# education resource



## splatz (May 23, 2015)

mofos be cray said:


> while there are gaps in his material atm I highly recommend watching the Big Bad Tech channel on you tube. I'd post the link but i don't have enough post to allow it.


Really? Based on one video you highly recommend it? On your first post? Well I am glad to hear that because it would suck if you just wasted a post shilling for him.


----------



## brian john (Mar 11, 2007)

Based on a cursory view of the titles it appears it would be an ok place for an apprentice to get some homework help.

Now if the information is correct or helpful I would have to review the videos and I may look at one or two if I get the time.


----------



## macmikeman (Jan 23, 2007)

Is that they guy who is a friend of Shunk's who wired his load center wrong in the video I put up a few months back?


----------



## mofos be cray (Nov 14, 2016)

splatz said:


> Really? Based on one video you highly recommend it? On your first post? Well I am glad to hear that because it would suck if you just wasted a post shilling for him.

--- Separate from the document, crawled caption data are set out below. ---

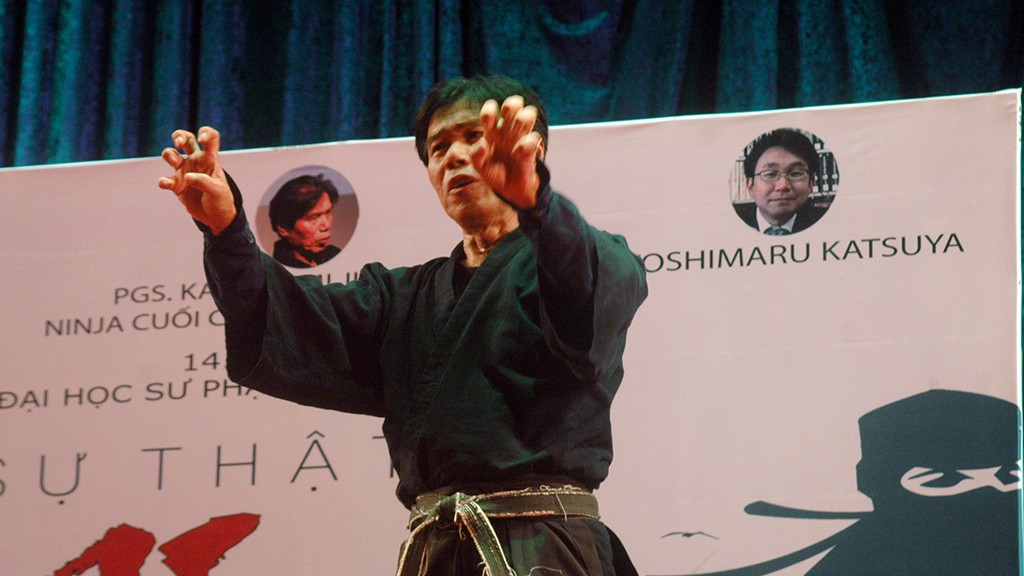 ​World’s last ninja showcases skills in Ho Chi Minh City
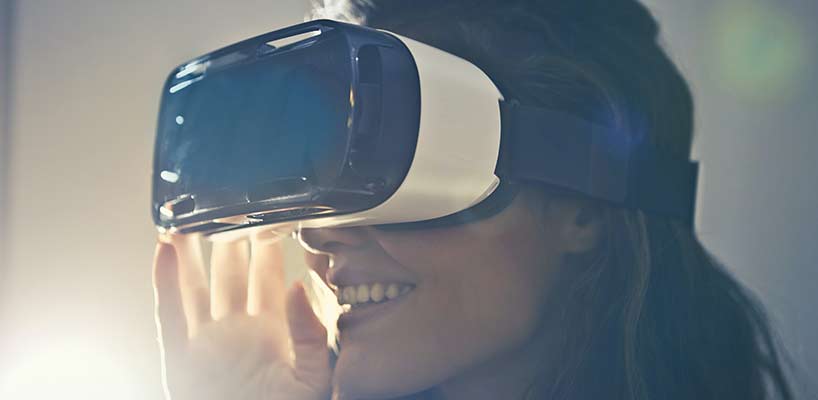 07 Digital Hub Digital Doorstep VR Headset Woman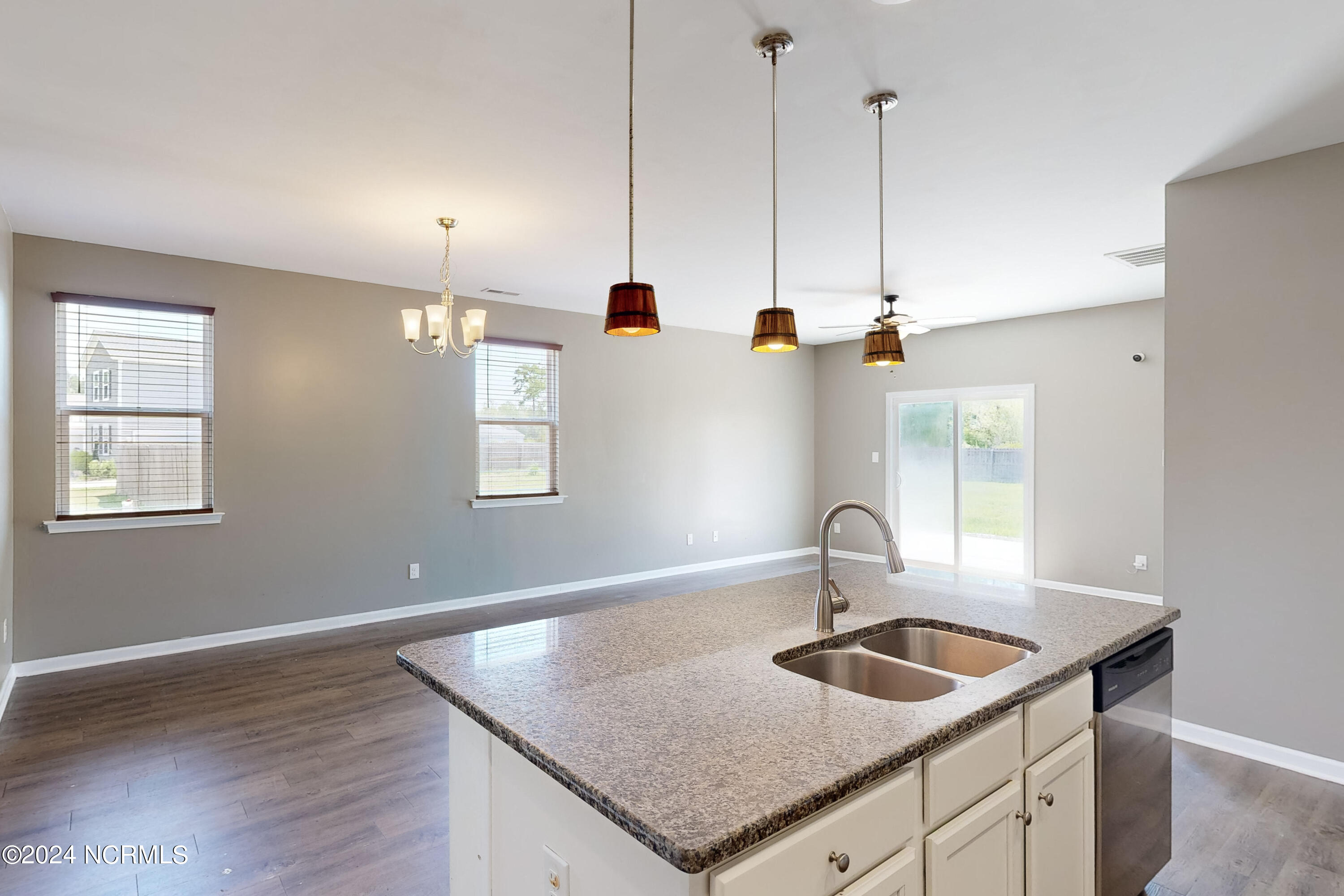 405 Saxby Way Holly Ridge, NC 28445 - Photo 21 of 54 Granite Island Fits 4 Barstools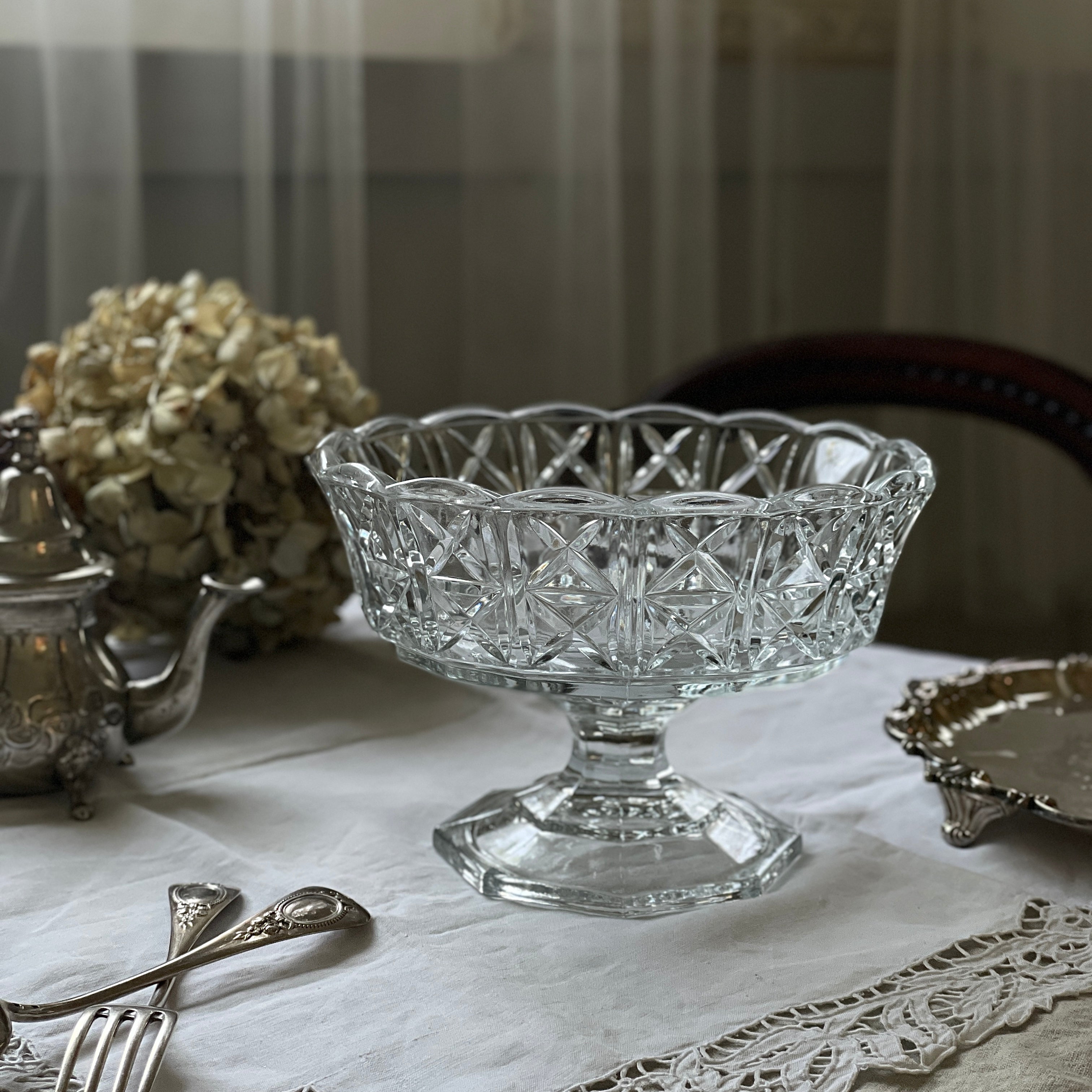 イギリスビンテージ　足付きガラスボウル イギリスビンテージ 足付きガラスボウル ガラスボウル 脚付き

Nowhere did I say I had watched only one video, or that this was my first post. He has a number of videos, many of which I have watched, and I only said that I didn't have enough posts to share a link. But it would suck if YOU wasted a post having the actual information in order to make a intelligent comment.


----------



## splatz (May 23, 2015)

mofos be cray said:


> Nowhere did I say I had watched only one video, or that this was my first post. He has a number of videos, many of which I have watched, and I only said that I didn't have enough posts to share a link. But it would suck if YOU wasted a post having the actual information in order to make a intelligent comment.


Sorry about that, no offense intended, I didn't think you were a real poster, I thought you were a spammer doing a drive by posting to build some traffic to the channel. I looked at the channel and saw there's just one video and thought it had to be a fake review.


----------



## brian john (Mar 11, 2007)

mofos be cray said:


> Nowhere did I say I had watched only one video, or that this was my first post. He has a number of videos, many of which I have watched, and I only said that I didn't have enough posts to share a link. But it would suck if YOU wasted a post having the actual information in order to make a intelligent comment.


Understand there are 10 posts like yours and maybe one is legit.


----------